Dynamically handling changes in IoT telemetry data payload in real-time using Kinesis data streams & Lambd

0

I'm working with a fleet of 300+ IoT devices sending telemetry data to a Kinesis Data Stream at a rate of 25 million messages per day. The data is stored in a MongoDB database using a schema with three collections:

  1. Devices
  2. Variables
  3. Values (timeseries)

The data is ingested pipeline is as follows:

IoT core -> IoT core rules engine -> Kinesis data streams -> lambda function -> mongodb

A kinesis firehose delivery stream is attached to data stream for storing data in s3.

Problem:

The devices can have their payload dynamically changed during operation, adding or removing variables. For example, a device named "machine-2" initially sends the following payload:

    {
      "currentPowerConsumption": 6.7,
      "upTime": 456789,
      "motorHealth": 100
    }

However, after a reconfiguration, it now sends:

    {
      "currentPowerConsumption": 6.7,
      "upTime": 456789,
      "motorHealth": 100,
      "motorTemperature": 45
    }

Current approach:

I'm currently using Amazon ElastiCache for Redis to store the number of variables each device sends with a key-value pair like device-id: number-of-variables.
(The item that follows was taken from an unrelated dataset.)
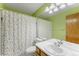 Bathroom featuring vibrant green walls, a polka dot shower curtain, and wood cabinets at 19817 E Prentice Ave, Centennial, CO 80015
For example:

"machine-2": 3

When a payload arrives, In the lambda function, I:

  • Check the Redis store for the corresponding device ID.
  • If the number of variables hasn't changed, I directly insert the data into the values collection.
  • If the number of variables has changed, I update the variables collection and then insert the data into the values collection.

Questions:

  1. Is this approach efficient and scalable for handling such a large volume of data?
  2. Are there any potential improvements or alternative solutions I should consider for dynamically handling changes in the data payload?
  3. Is storing the number of variables in Redis the best way to track schema changes, or are there other options?
1 Answer
0

I would say that storing the number of variables is the wrong approach as a change may be also removing one variable and adding a different one, making the number of variables the same, but a different schema.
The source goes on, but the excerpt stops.